We need to reset; Church is not a service to be consumed, it is a worshipping community that we get to be a part of. Its value is not found in the performance of the band, the teaching of the pastor or the "cool-factor" of the congregants, but in the fact that people are gathering, as family, to worship a God who promises he is in our midst.

I suppose it comes back to what we think of when we think of Church. Whenever the word translated as church, ekklesia, is used in the Bible, it refers to people, and is defined as a called out company or assembly. If we start thinking of Church in this way, it becomes obvious that to be part of a church is to be "called", which in turn suggests an active, rather than passive engagement.

The Church described in Acts 4 is a body of people so close that "no one claimed any of their possessions was their own, but they shared everything." They testified to the resurrection of Jesus and God poured out his grace "that there were no needy persons among them."

We, as twenty- and thirty-somethings, are called to live in community with our churches. This demands sacrifice on our part: we have to commit our time, devote our skills and invest ourselves in this body of people. Building family brings challenges and is messy, but surely it's worth it if the fellowship is genuine. 

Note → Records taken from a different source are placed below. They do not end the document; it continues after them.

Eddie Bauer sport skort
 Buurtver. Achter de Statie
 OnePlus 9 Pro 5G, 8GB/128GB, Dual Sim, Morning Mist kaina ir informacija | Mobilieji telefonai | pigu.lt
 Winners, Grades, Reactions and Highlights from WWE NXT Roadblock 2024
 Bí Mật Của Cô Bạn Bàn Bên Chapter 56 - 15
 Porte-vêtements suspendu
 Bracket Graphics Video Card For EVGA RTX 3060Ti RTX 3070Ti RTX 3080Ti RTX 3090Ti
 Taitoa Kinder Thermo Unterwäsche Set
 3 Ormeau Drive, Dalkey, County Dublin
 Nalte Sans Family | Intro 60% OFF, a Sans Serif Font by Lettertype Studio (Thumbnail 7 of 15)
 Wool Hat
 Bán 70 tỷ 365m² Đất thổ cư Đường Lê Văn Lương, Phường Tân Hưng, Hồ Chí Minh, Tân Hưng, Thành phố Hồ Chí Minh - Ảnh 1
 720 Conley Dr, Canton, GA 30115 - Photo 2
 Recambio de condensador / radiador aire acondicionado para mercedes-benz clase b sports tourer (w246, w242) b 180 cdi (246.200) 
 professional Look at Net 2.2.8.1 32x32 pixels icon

The key to this is that we stop making everything about ourselves. So often churches will seek us out for service by saying it will help us integrate and get to know other people. This is a true, and great consequence of getting involved, but cannot be the motivation or we'll remain stuck in a cycle of self-centred thinking.

If the Acts 4 vision of Church is to play out amongst our contemporaries, we need to stop seeing Church as there to satisfy our every need and moving on when it doesn't. We need to realise – and EA statistics suggest that we're starting to – that we are part of something bigger than ourselves in Church; we get to be part God's unveiling of His kingdom through His people.

This vision of Church is far more exciting – one that begins with God, and works outwards.